→ **DATA SECTION**
=====
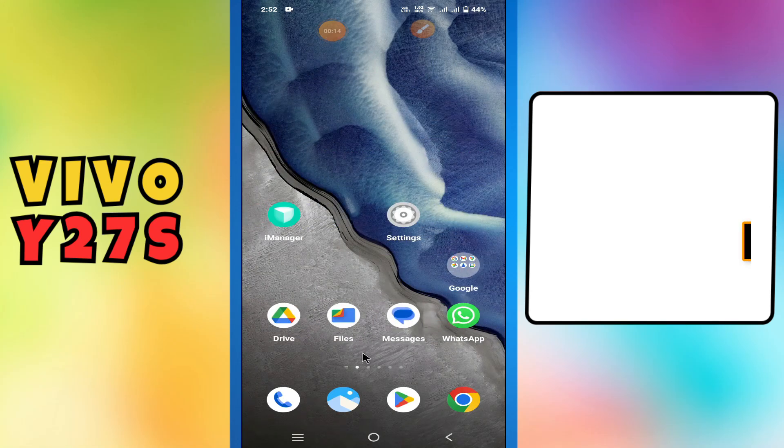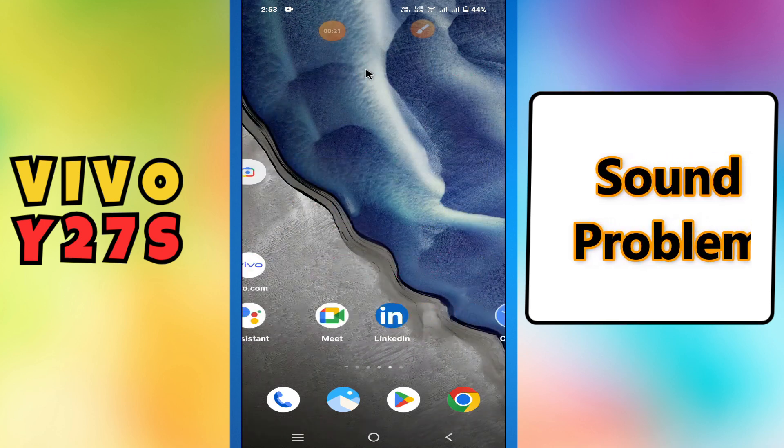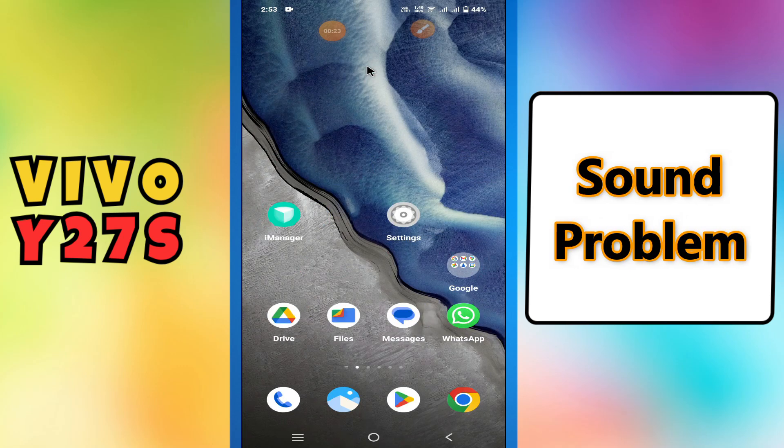Hi guys, hope you are fine, welcome back to my YouTube channel. In my today's video, I'll be sharing with you how to fix sound problem in your device Vivo Y27s.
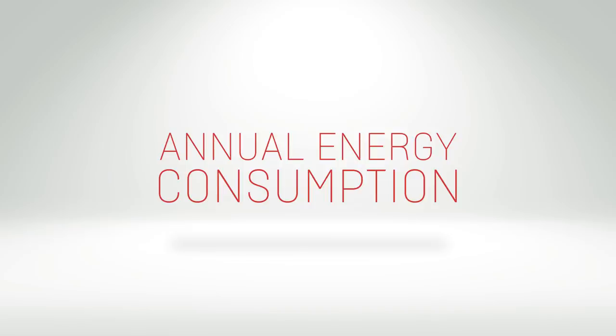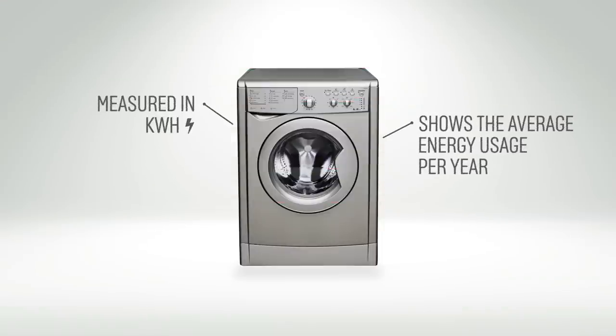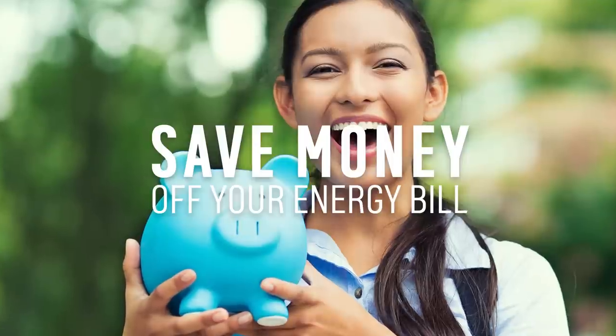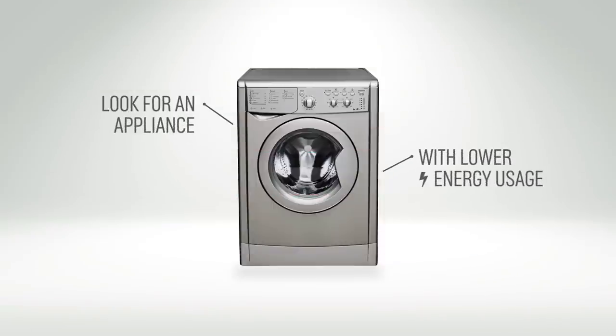The annual energy consumption of an appliance is measured in kilowatt hours and shows, on average, how much energy it will use over the year. If you're looking to save some money off your energy bill and do your part for the environment, look for an appliance with lower energy usage.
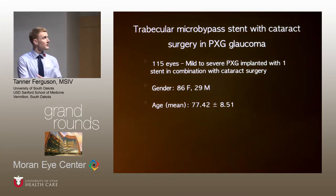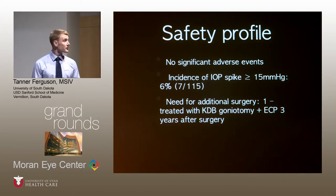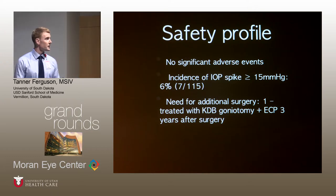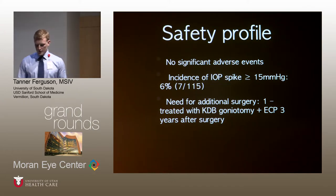The next paper is the iStent with cataract surgery in pseudoexfoliation glaucoma, published in the June JCRS this year. It included 115 eyes with mild to severe pseudoexfoliation glaucoma implanted with one stent during cataract surgery. The cohort was primarily female with an average age of 77.42. The safety profile showed no significant adverse events. The IOP spike rate was low — only 6% experienced an IOP spike greater than 15 — almost all within the first week. One patient went on to require secondary surgery (KDB goniotomy plus ECP) three years after surgery.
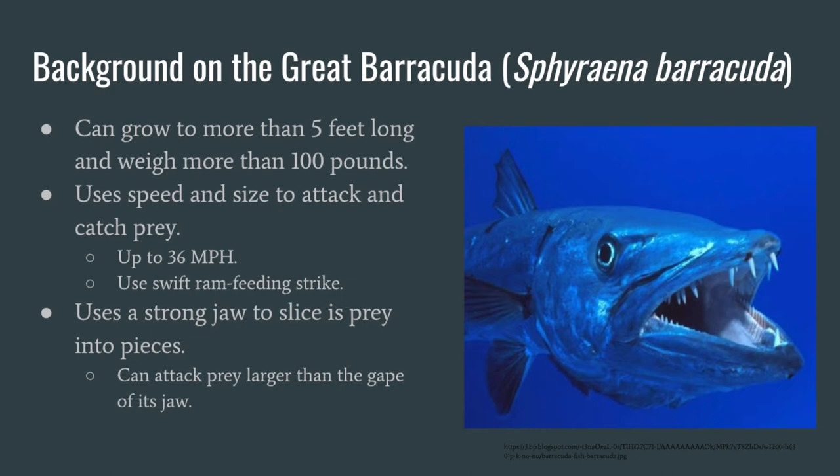It utilizes speed and size to attack its prey. The Barracuda can attack very quickly, even swimming at speeds up to 36 miles per hour. To attack, the Barracuda uses a swift ram feeding strike, which consists of the Barracuda forcefully swimming at prey with its mouth open and closing its jaw on its target prey. The Barracuda is also known for its very strong jaw that can slice its prey into pieces, allowing it to swallow prey larger than the gape or opening of its jaw.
=====
→ **AIM OF THE TASK**
Without the pictures, reproduce each line from the one containing "The annual energy" through the last line of the material above, both of those lines included.

→ **ANSWER FOR THIS EXERCISE**
The annual energy consumption of an appliance is measured in kilowatt hours and shows, on average, how much energy it will use over the year. If you're looking to save some money off your energy bill and do your part for the environment, look for an appliance with lower energy usage.
The next paper is the iStent with cataract surgery in pseudoexfoliation glaucoma, published in the June JCRS this year. It included 115 eyes with mild to severe pseudoexfoliation glaucoma implanted with one stent during cataract surgery. The cohort was primarily female with an average age of 77.42. The safety profile showed no significant adverse events. The IOP spike rate was low — only 6% experienced an IOP spike greater than 15 — almost all within the first week. One patient went on to require secondary surgery (KDB goniotomy plus ECP) three years after surgery.
It utilizes speed and size to attack its prey. The Barracuda can attack very quickly, even swimming at speeds up to 36 miles per hour. To attack, the Barracuda uses a swift ram feeding strike, which consists of the Barracuda forcefully swimming at prey with its mouth open and closing its jaw on its target prey. The Barracuda is also known for its very strong jaw that can slice its prey into pieces, allowing it to swallow prey larger than the gape or opening of its jaw.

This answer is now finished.